Deux signes d’une plus grande appréciation de Evžen Plocek sont pourtant apparus: un documentaire réalisé et diffusé par la télévision publique tchèque et une attestation oficielle du Ministère de la Défense de ce que son acte avait un caractère politique. Le journal observe en outre que le président Miloš Zeman refuse d’accorder à Plocek une distinction car, d’après sa déclaration, « à la différence de Jan Palach et de Jan Zajíc, de forts doutes planent sur les motivations de son acte».

Les universités s’engagent en faveur de la cause européenne

Photo illustrative: Mediamodifier,  Pixabay,  Pixabay License
« Craignant la sortie de la Tchéquie de l’Union européenne, les universités ne veulent plus accepter la situation où certains politiciens tchèques diffusent des informations imprécises sinon mensongères à son sujet.

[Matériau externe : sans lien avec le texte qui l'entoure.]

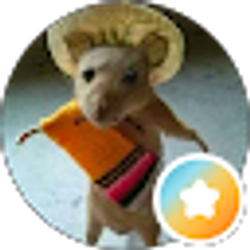 Profile photo of M Mac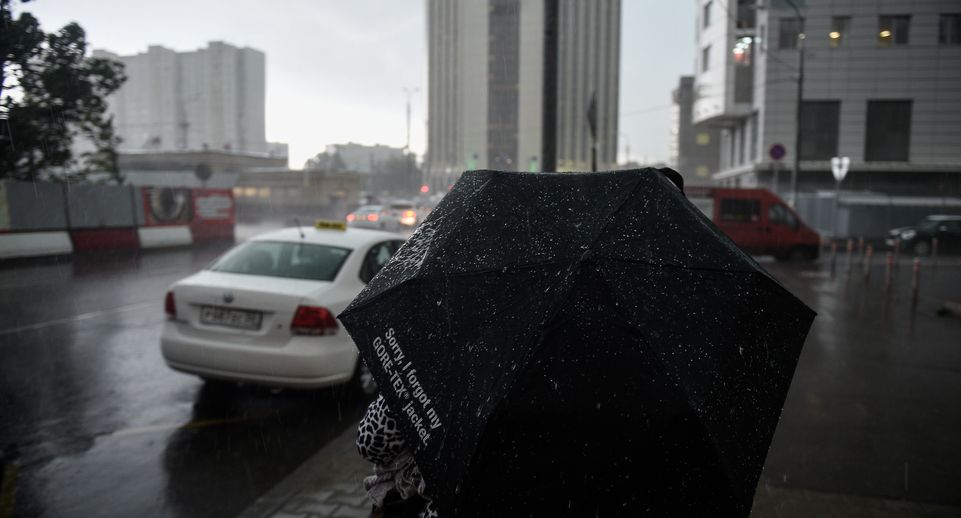 Сильнейшие дожди ожидаются в Москве 18 июня с 12:00 до 18:00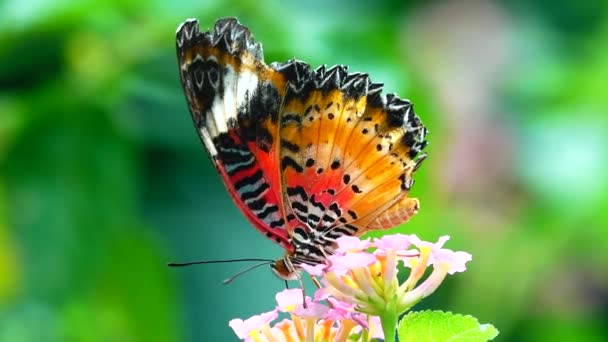 Tajski Motyl Ogrodzie Ogród Lato Kwiat Motyl Kwiat Motyl Kwiat — Wideo stockowe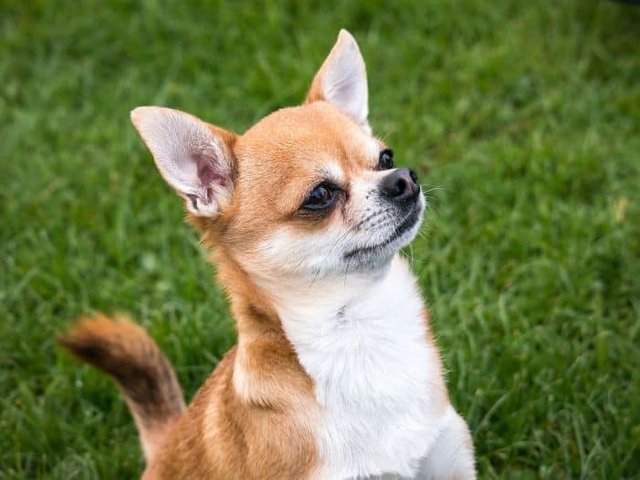 Chiweenie-Chihuahua.jpg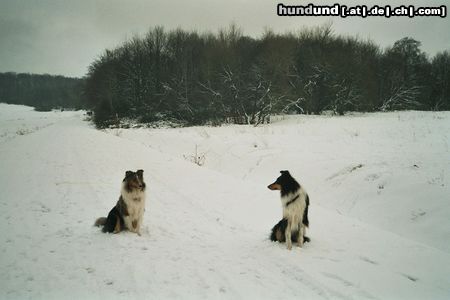 Langhaarcollie Hunde Foto 19340 in höherer Auflösung ansehen Langhaarcollie
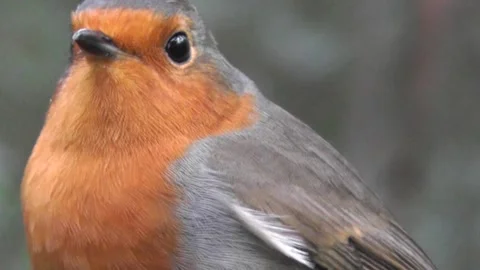 Robin Bird in the Garden Stock Footage 229707795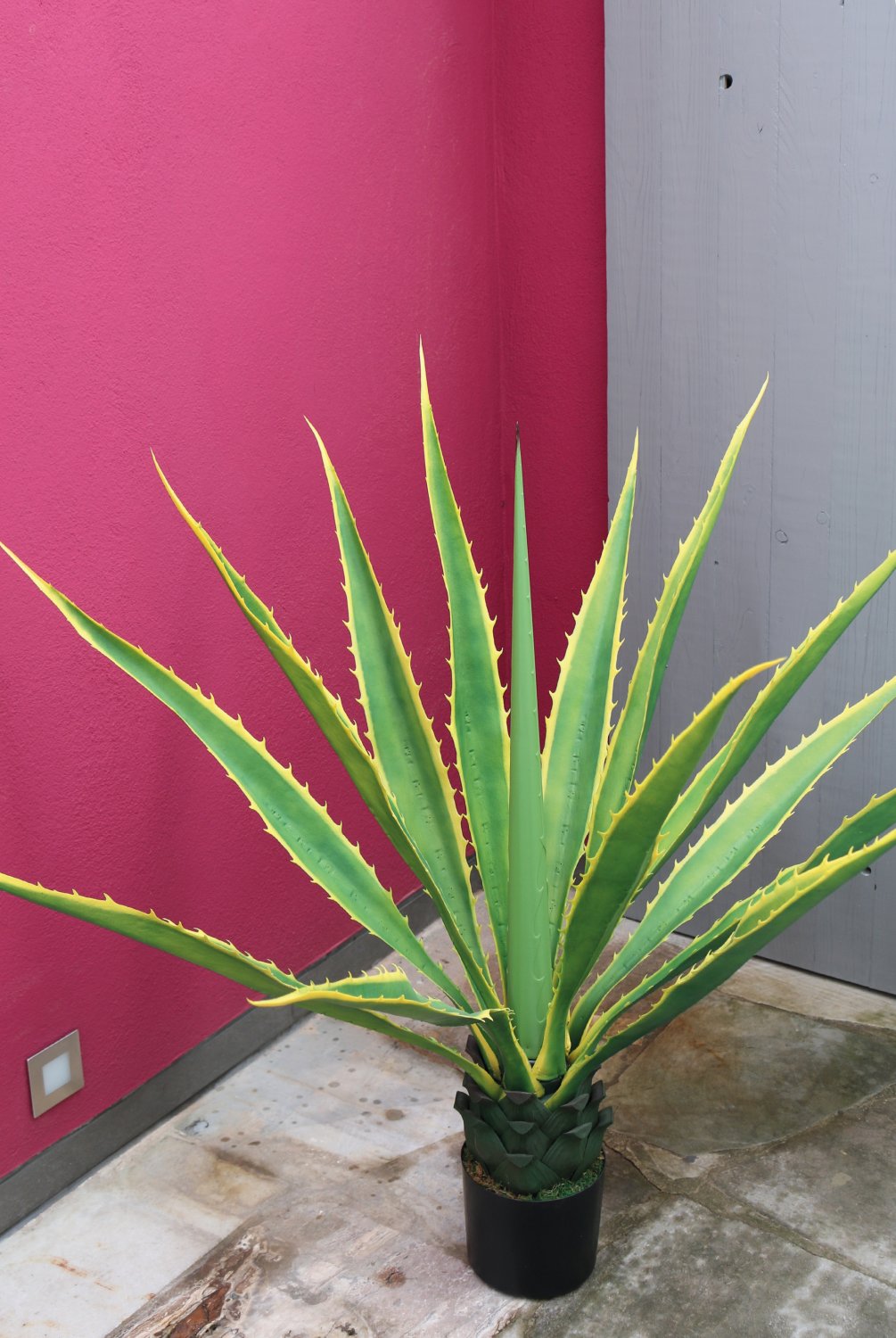 5713 803 a3 Агава шелковая, горшечная, 14 листьев, 110 см, зелено-желтая H-andreas  - Вид №3
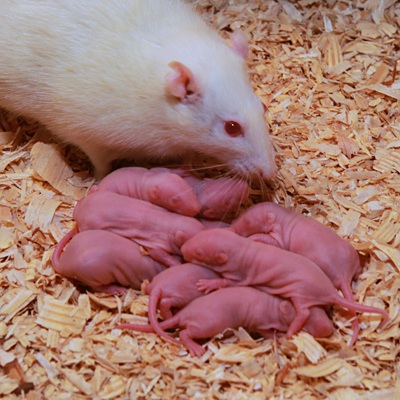 Florida Feeder Rodents Rat Pinkies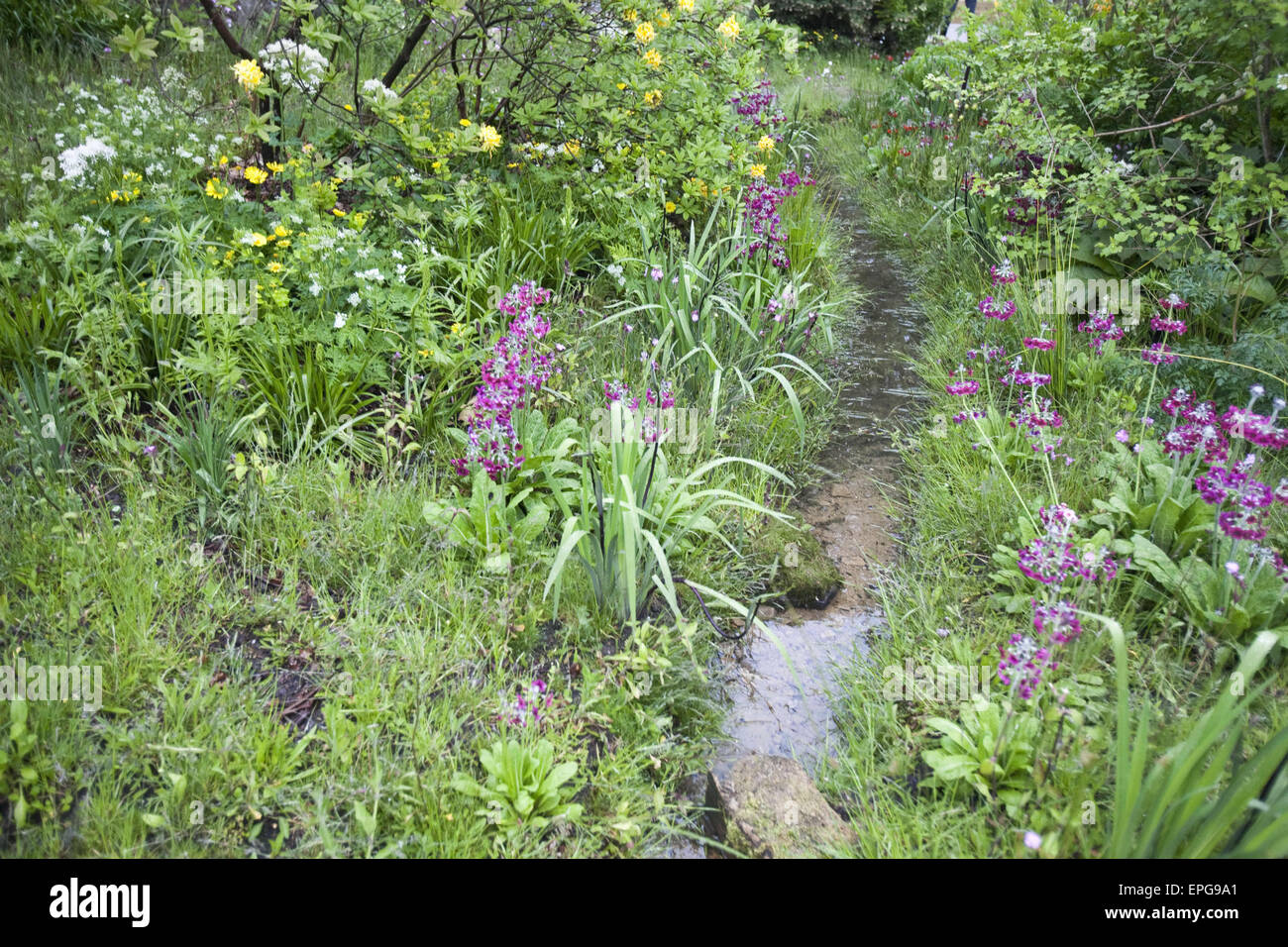 London, UK. 18. Mai 2015. '' Der Laurent-Perrier Chatsworth Garden'' von Dan Pearson schafft eine schöne Darstellung der eine naturalistische Chatsworth nahe Chelsea Flower Show organisiert von Royal Horticultural Society (RHS) auf dem Gelände des Royal Hospital Chelsea jedes Jahr im Mai, ist die berühmteste Flower Show im Vereinigten Königreich, vielleicht in der Welt. Es lockt Aussteller und Besucher aus der ganzen Welt, London, UK. Bildnachweis: Veronika Lukasova/ZUMA Draht/Alamy Live-Nachrichten Stockfoto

Leurs représentants s’emploient désormais à discuter avec les gens, tant dans les écoles que dans les brasseries, afin de sensibiliser les Tchèques à l’importance de l’appartenance européenne pour la sécurité et la prospérité du pays. » C’est en ces termes que le quotidien économique Hospodářské noviny informe d’une nouvelle initiative lancée par les milieux universitaires et à propos de laquelle il a aussi écrit :

« Peut-on croire qu’un éventuel Czexit est impossible, tout simplement parce que la majorité des partis politiques locaux et la majeure partie des Tchèques n’en veulent pas ? Tel est peut-être en ce moment le cas. Mais dans une longue perspective, un optimisme exagéré n’est pas de rigueur, car la Tchéquie est le pays membre le plus sceptique de l’UE. On sait bien que tout peut arriver. Même en Grande-Bretagne, en 2016, rien ne donnait à supposer un Brexit. Voilà pourquoi il faut saluer l’initiative des écoles supérieures tchèques. Faire quelque chose vaut toujours mieux que de ne rien faire ».

Cela dit, le commentateur se déclare prudent en ce qui concerne l’efficacité de cet engagement car, pour lui, l’une des causes de l’euroscepticisme tchèque est économiquement motivée. Une condition que les universités ne peuvent nullement influencer.